◆ Given records ◆
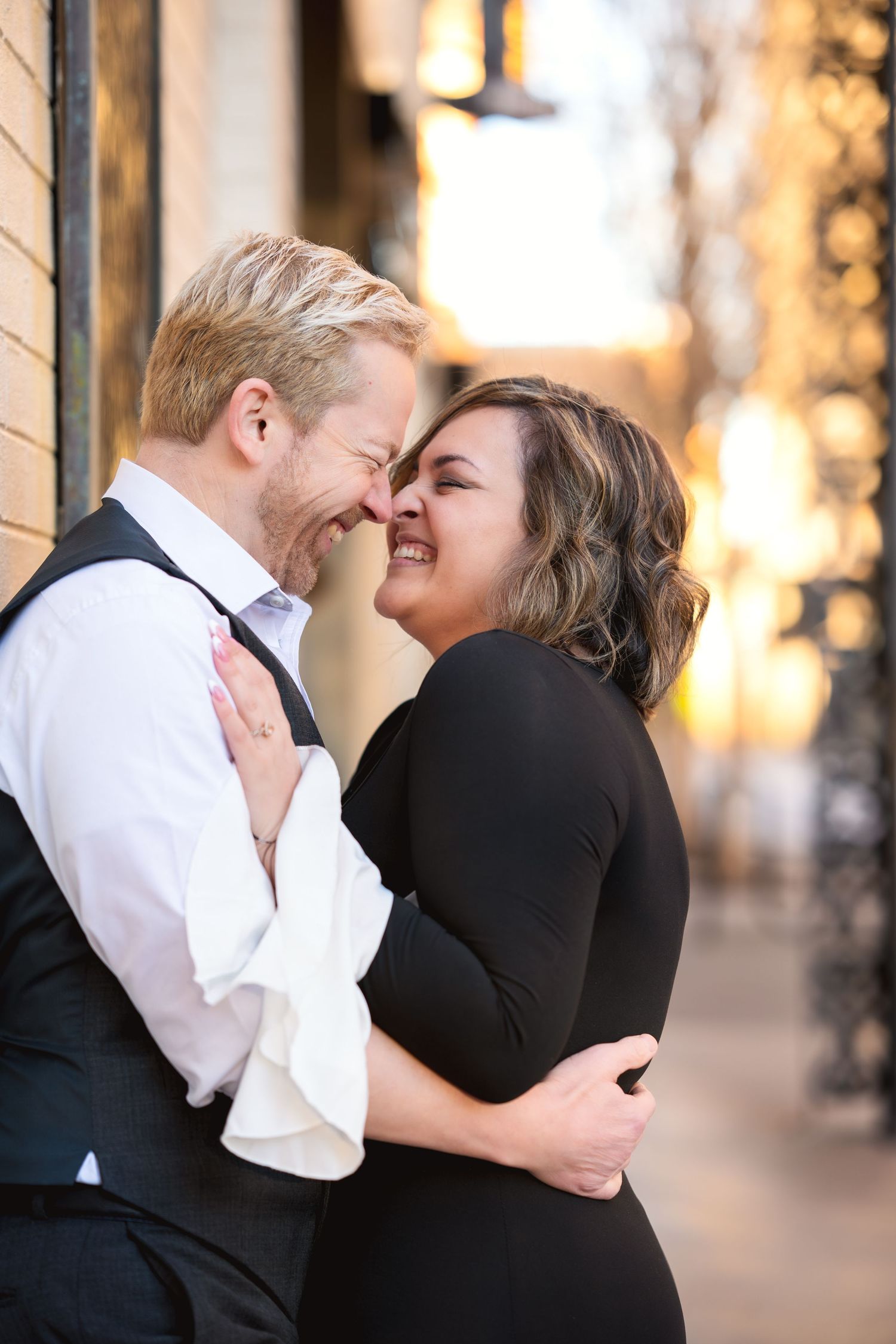 A couple shares tender embraces and laughter during a romantic outdoor photo session at golden hour.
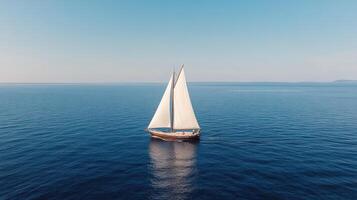 Sailing boat gliding smoothly over calm blue waters under clear sky photo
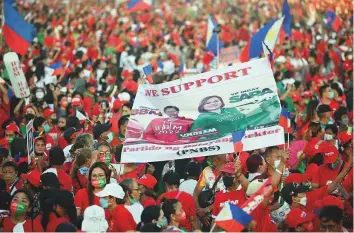  ?? AFP ?? Supporters of Ferdinand Marcos Jr. and his running mate Sara Duterte, daughter of President Rodrigo Duterte, gather for a campaign rally in Paranaque City, suburban Manila, yesterday.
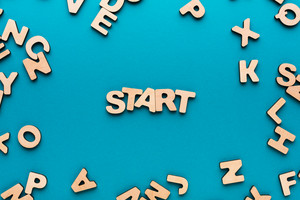 Holzbuchstabend auf blauem Untergrund die das Wort Start formen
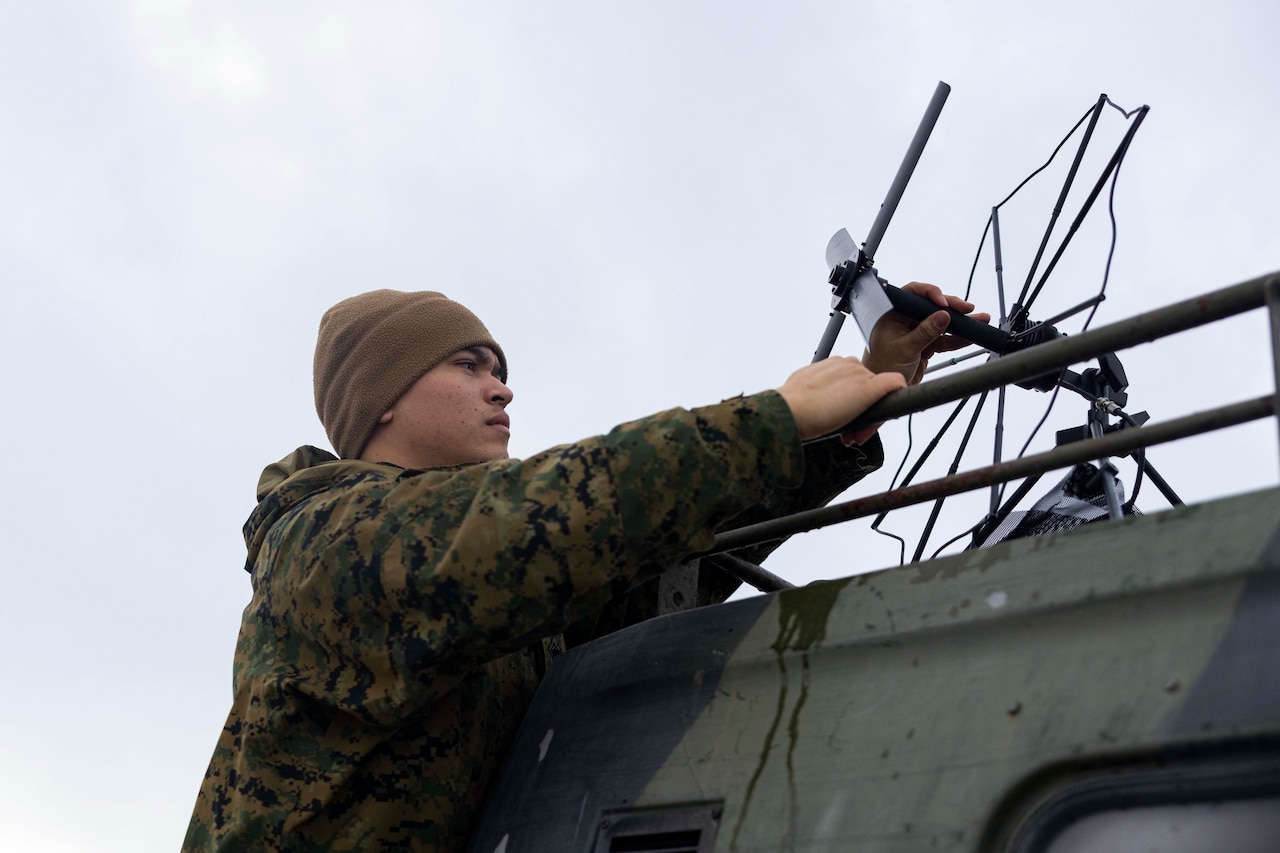 A Marine assembles an antenna.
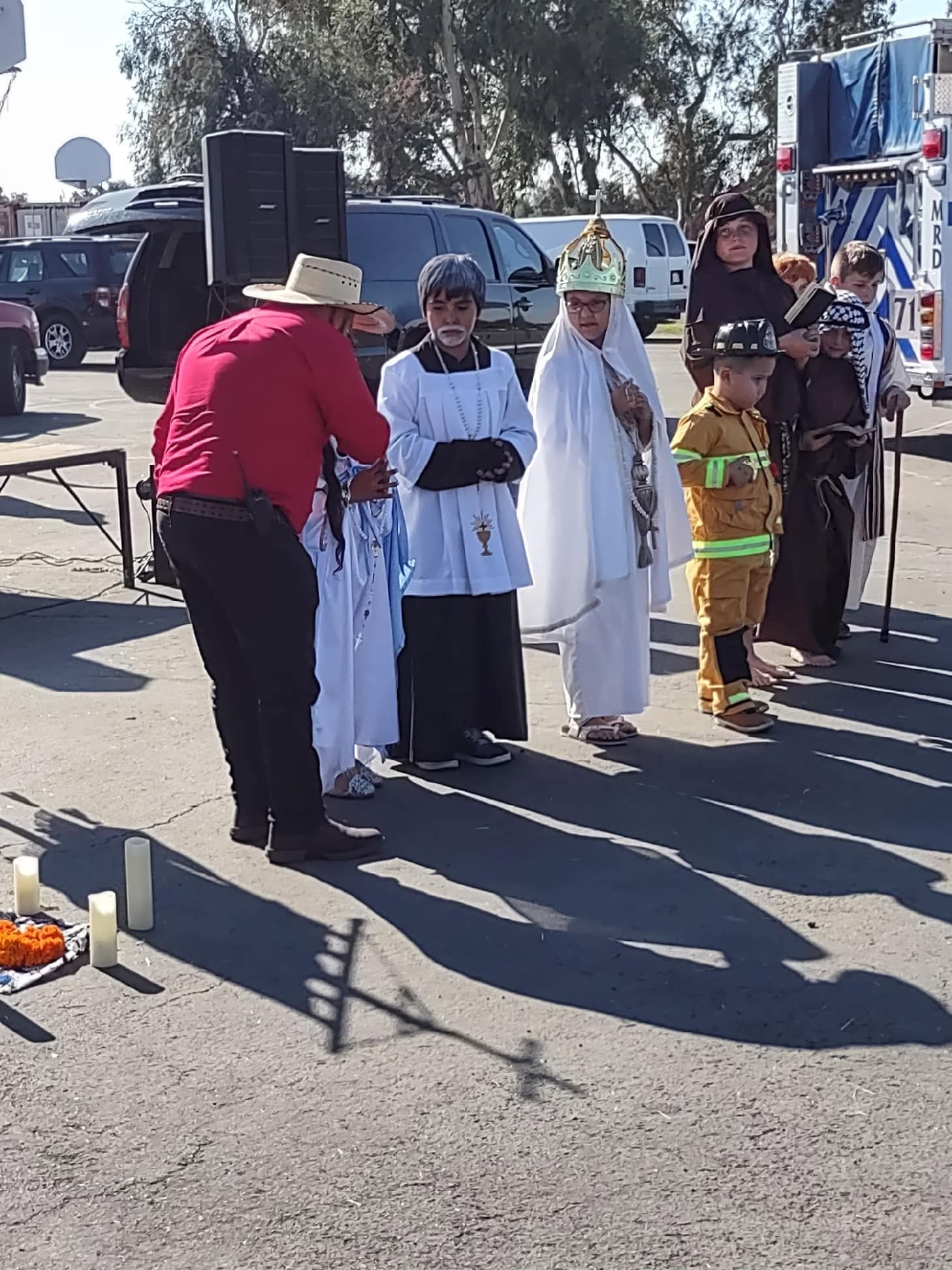 Children dressed as saints lined up for the Saint Dress-Up Contest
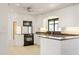 Bright kitchen with black appliances, white cabinets, and ample countertop space at 55 Bay Harbour Dr, Ponce Inlet, FL 32127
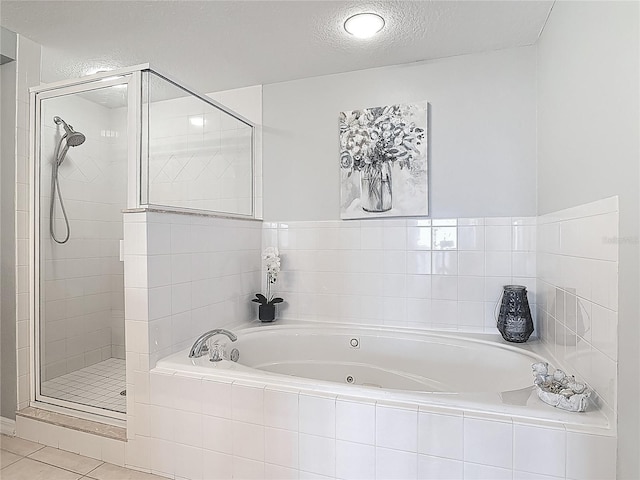 bathroom featuring a whirlpool tub, a textured ceiling, tile patterned floors, and a stall shower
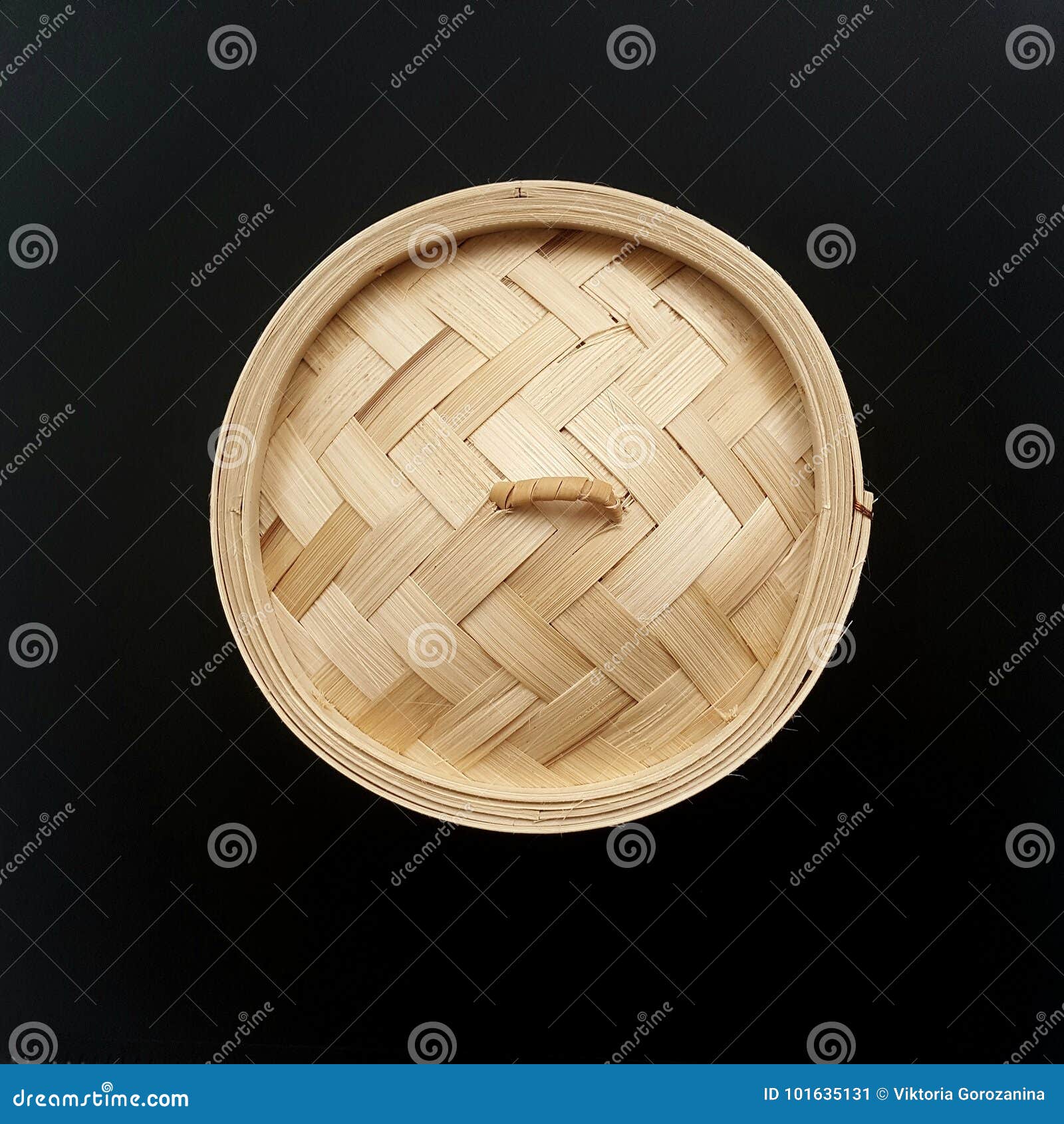 Bamboo Steamer for Dumplings. Isolated on Black. Photo Flat Lay. Stock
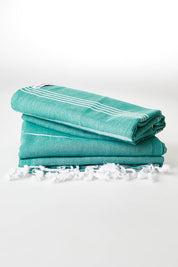 A model wearing size OneSize of the Hammamas Original Towel in colour Emerald (Green), from the front, showing the whole outfit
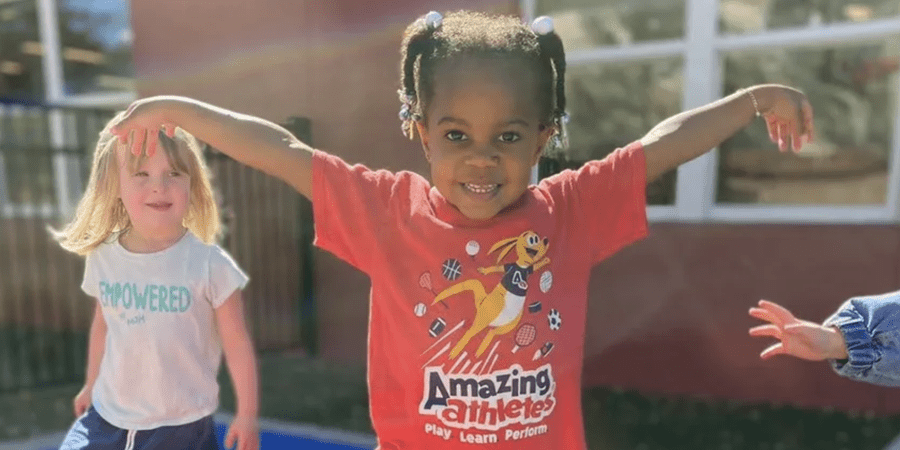 Little girl smiles for the camera in Amazing Athletes shirt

◆ Requirement ◆
In the copy, leave out all pictures, and retype exactly each line from the one with "bathroom featuring a" through the last line of the entries.

◆ Response to the exercise ◆
 bathroom featuring a whirlpool tub, a textured ceiling, tile patterned floors, and a stall shower
 Bamboo Steamer for Dumplings. Isolated on Black. Photo Flat Lay. Stock
 A model wearing size OneSize of the Hammamas Original Towel in colour Emerald (Green), from the front, showing the whole outfit
 Little girl smiles for the camera in Amazing Athletes shirt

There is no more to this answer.